Secretary of State Condoleezza Rice becomes the highest-ranking American official to visit Libya in more than a half-century, opening the way for renewed political and economic relations between Libya and the United States.
"It is a historic moment. And it is one that has come after a lot of difficulty, the suffering of many people that will never be forgotten or assuaged, Americans in particular, for whom I'm very concerned," Rice said September 5. She flew from Portugal, where she had been meeting with Portuguese officials, for her meeting in Tripoli with Libyan leader Muammar Qadhafi.
"I also am looking forward to the opportunity to talk about a number of issues," Rice said.
Rice acknowledged that this meeting was made possible because Libya made the decision in 2003 to abandon its weapons of mass destruction program and to renounce terrorism, and because of a landmark settlement to compensate victims of terrorism. Libya had been on the U.S. State Sponsors of Terrorism list, but has been removed as a consequence of its actions to end ties with terrorist groups.
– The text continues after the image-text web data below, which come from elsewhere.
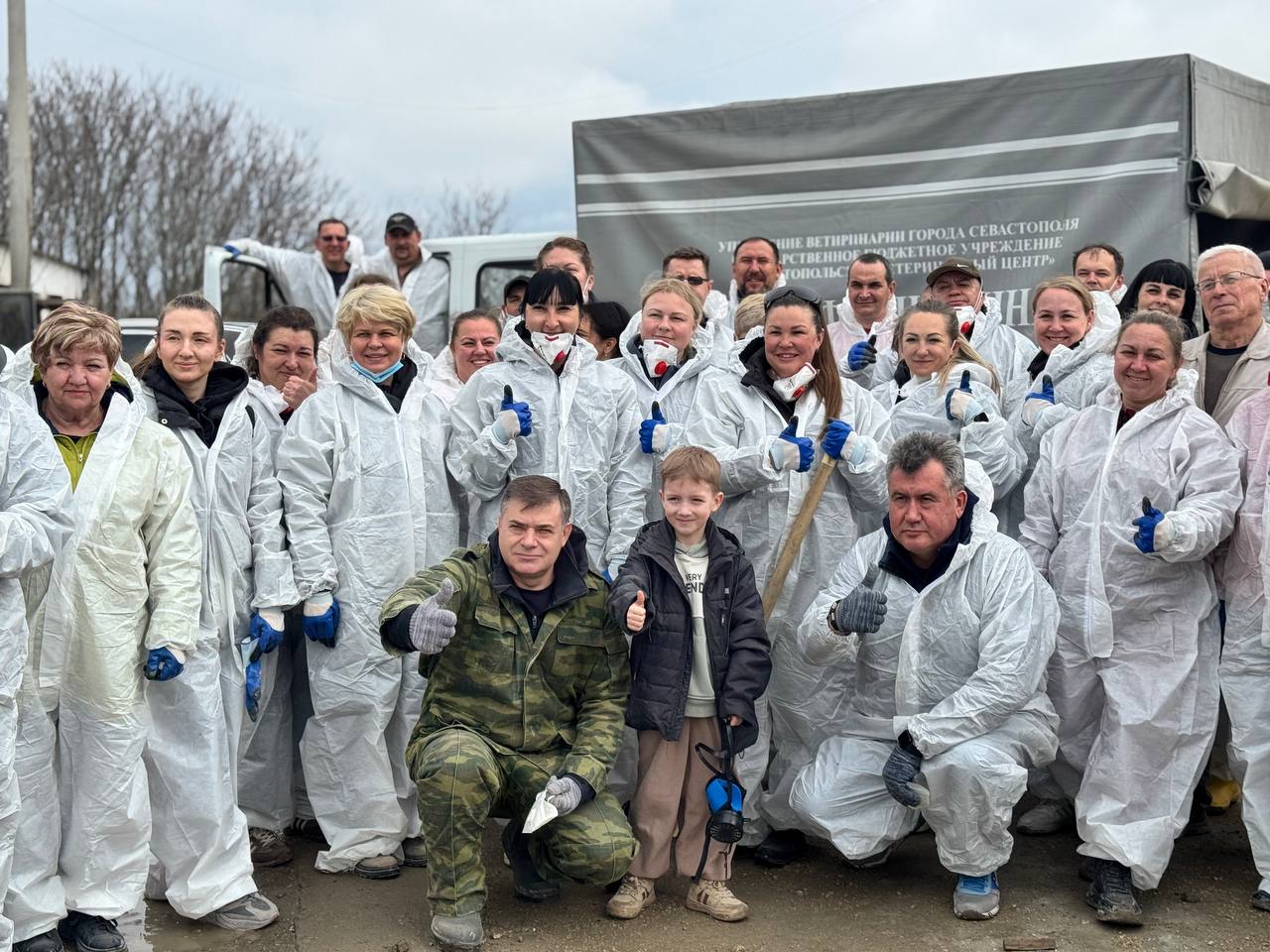 Николай Приставка: Сегодня вместе с коллективом Управления ветеринарии принял участие в общегородском субботнике Николай Приставка: Сегодня вместе с коллективом Управления ветеринарии принял участие в общегородском субботнике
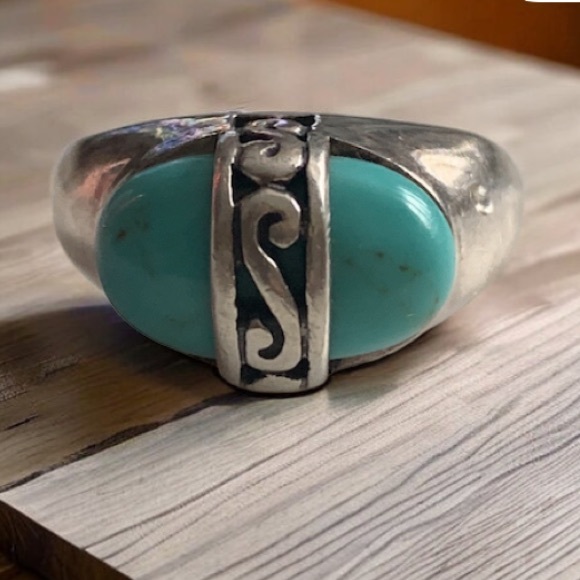 Sterling Silver Ring with Turquoise stone - size 6 - Picture 2 of 12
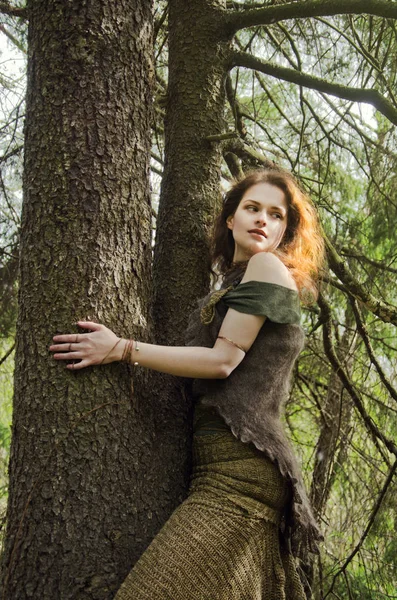 Genç Cadı Bahar Ormanda Ağaç Gövdesi Sarılma — Stok fotoğraf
The United States and Libya reached an agreement to resolve lawsuits by American victims of terrorist attacks and Libyan victims of bombings in 1986 and 1988, Ambassador David Welch said. "Under this agreement, each country's citizens can receive fair compensation for past incidents," Welch said August 14 in Tripoli, Libya's capital. "When fulfilled, the agreement we signed today will permit Libya and the United States to move ahead in developing their relations."
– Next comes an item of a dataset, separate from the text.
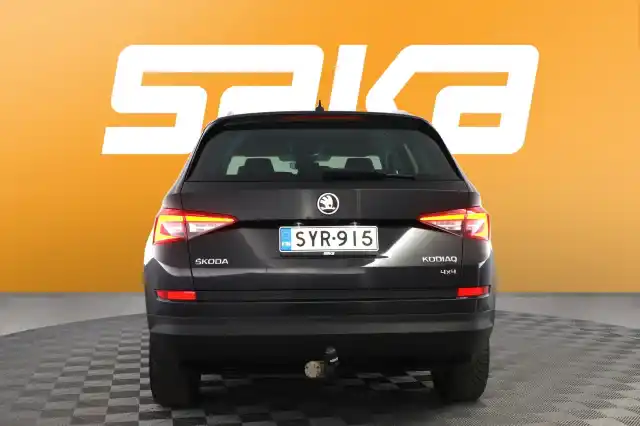 Musta Maastoauto, Skoda Kodiaq – SYR-915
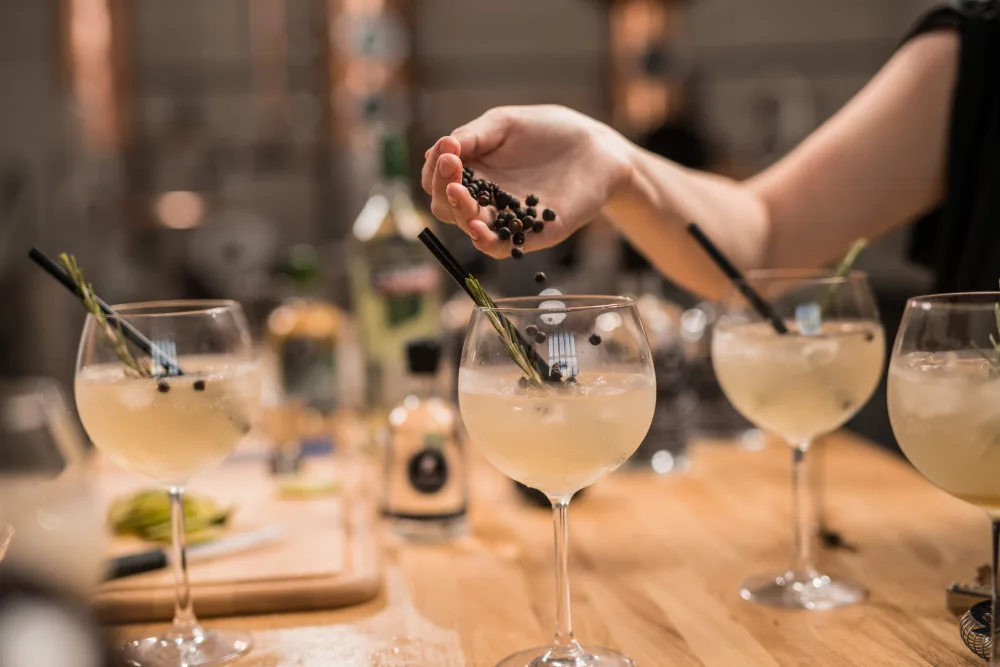 SOUTĚŽ: Vyrobte si svůj vlastní gin v Little Urban Distillery nebo zážitek darujte na Vánoce. Soutěžte o poukaz!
The settlement for outstanding lawsuits includes victims of the 1986 terrorist attack on a Berlin disco that killed three people and wounded 229, and the 1988 terrorist bombing of Pan Am Flight 103 over Lockerbie, Scotland, that killed 270 people. It also provides for Libyans killed in 1986 when U.S. warplanes bombed the cities of Tripoli and Benghazi, which reportedly led to the deaths of 40 people.
"There is a long way to go, but I do believe that this demonstrates that the United States doesn't have permanent enemies," Rice said en route to Tripoli. "It demonstrates that when countries are prepared to make strategic changes in direction, the United States is prepared to respond."
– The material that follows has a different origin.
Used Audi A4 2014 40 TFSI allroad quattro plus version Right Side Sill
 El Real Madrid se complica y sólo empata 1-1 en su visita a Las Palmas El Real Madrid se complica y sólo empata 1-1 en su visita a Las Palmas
Rice is the first U.S. secretary of state to visit Libya since John Foster Dulles in 1953, during the Eisenhower administration, and the highest-ranking U.S. official to visit since then-Vice President Richard Nixon in 1957.
White House press secretary Dana Perino said in Washington that President Bush hopes to name a new ambassador to Tripoli soon.
"We have had a long and bad history with Libya, and that began to turn around when they turned away from nuclear weapons and terrorism. That country has radically changed its behavior. And Secretary Rice's trip signifies a new chapter in U.S.-Libya bilateral relations," Perino said.
Rice, who was scheduled to be in Tripoli for a few hours, said there is much to talk about with Libyan officials, including efforts to combat terrorism in North Africa, Libya's crucial help in managing the significant conflicts in Sudan and Somalia, Libya's role in the African Union and as a member of the Arab League, direct bilateral relations with the United States for educational and cultural exchanges, and human rights issues.
After meeting with Libya's foreign minister, Mohammed Abdel-Rahman Shalgam, Rice was to share an iftar, the traditional meal breaking the fast during the Islamic holy month of Ramadan, with Qadhafi.
After leaving Tripoli, Rice was also scheduled to visit Algeria, Tunisia and Morocco.